Used to decades of steadily-increasing top line revenues, municipalities have struggled to balance budgets as the swift decline in revenues has often resulted in structural deficits. Many one-time fixes (e.g. selling buildings) have been applied as stop-gap measures to balance budgets for a particular year, but persistent structural deficits are becoming more difficult to address as revenues remain soft. While outright reductions in expenditures may be necessary, cutting spending is socially unpopular and often politically difficult to achieve.These challenges confronting the municipal market have several implications:
- Lower ratings (and corresponding price declines) in response to weaker financial positions. Even in historically stable sectors (e.g. GOs), new financial challenges could result in downgrades. In 10-year maturities, the difference between yields on AA-rated issues and A-rated issues is approximately 60 bps. A downgrade from AA to A could mean a price decline of up to 5%. BBB yields in the 10-year range are over 100 bps higher than yields on A-rated issues, leading to a potential price decline of 8% or more for a downgrade from A to BBB.
- Increased potential for defaults. As revenues decline, some issuers may not be able to service their debt.

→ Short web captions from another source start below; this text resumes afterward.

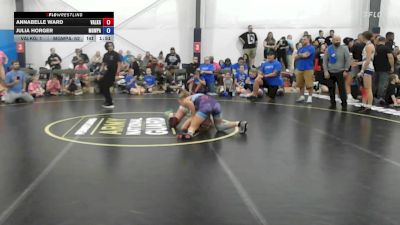 50 lbs Rr Rnd 2 - Annabelle Ward, Valkyrie Girls WC - W vs Julia Horger, MGW Monkey Business - W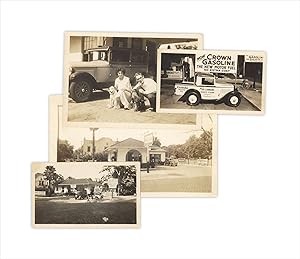 1930-1933, Four photographs of Joe Cannon's Service Station in Orlando, Florida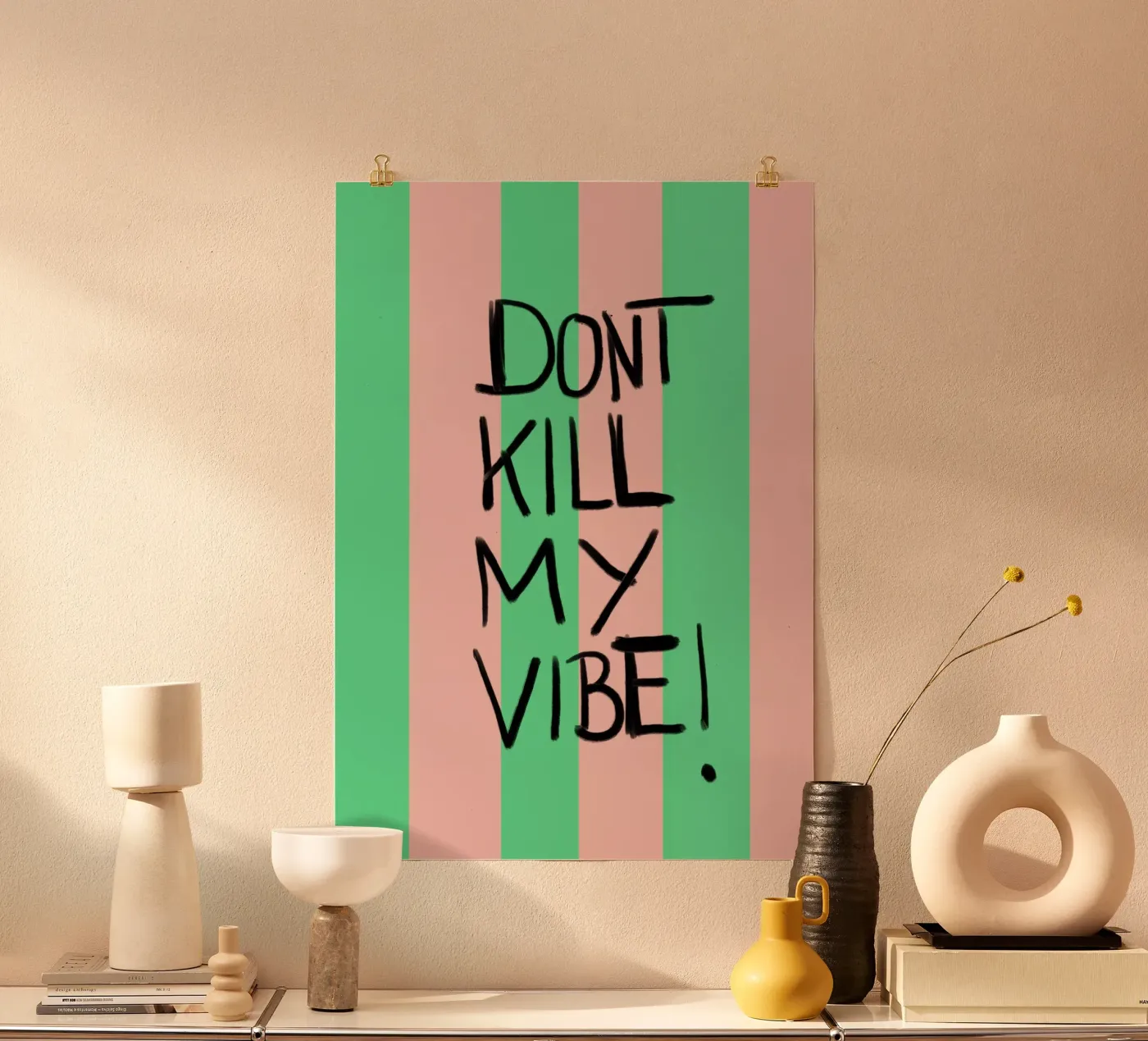Donut kill me vibe poster da Hej Ibiza by Ute Arnold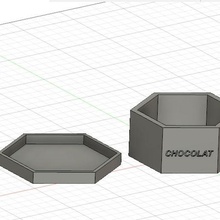 boîte Chocolat gadget 3d print model - Mito3D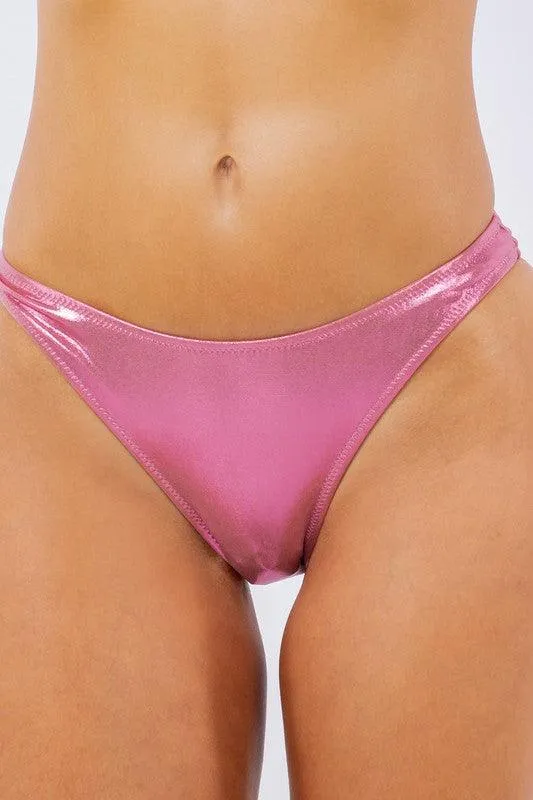 Bandeau Top Two Piece Metallic Bikini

This is a greater risk to bonds with more narrow revenue sources (e.g. a parking structure or convention center), but even some GO issues could be at risk if financial conditions are severe (e.g. fast growing community that financed and built schools in expectation of continued population growth and expansion that didn’t materialize, or established community that has experienced severe declines in property value, high unemployment and declining population). While we believe the probability of widespread defaults is low, issues with limited, questionable or contingent revenue sources are clearly at greater risk and we have already seen the market place a liquidity premium on such issues. We are also concerned that issuers between a rock and a hard place could look to bond holders for concessions. If confronted with the options of 1) raising taxes on already burdened constituents, 2) cutting social services or programs to people at risk or 3) laying off teachers or other municipal workers, asking bond holders to “share in the pain” could be viewed as part of a solution for the greater good of all. Historically there has been a very strong stigma associated with defaulting and hopefully that will persist. However, the stigma will fade if more issuers choose to take this path.
- Price volatility. As the market prices in these different [perceived] risks, one could see significant price volatility on individual issues. We have seen several [intermediate] issues trade in the secondary market as much as 5 points below where the pricing service had been pricing them. As a result of the posted trades, the pricing service adjusted its prices.
- Illiquidity. Due to the market’s concern about the potential risks, liquidity in certain issues can be limited and transaction costs can be significant, particularly on smaller pieces.
We caution investors against going too far down in credit quality or too far out the yield curve. We believe higher quality, intermediate issues offer investors the bulk of the value in the market yet provide significant protection from downside risks. Diversification is key. Building a typical bond ladder with 10 or 20 issues results in 5-10% exposure per issue – problems with even one holding could have a significant impact on the overall portfolio. We firmly believe that most investors are better served by using a fund where exposure to credit risk of individual issues is typically limited to 1% of the portfolio or less.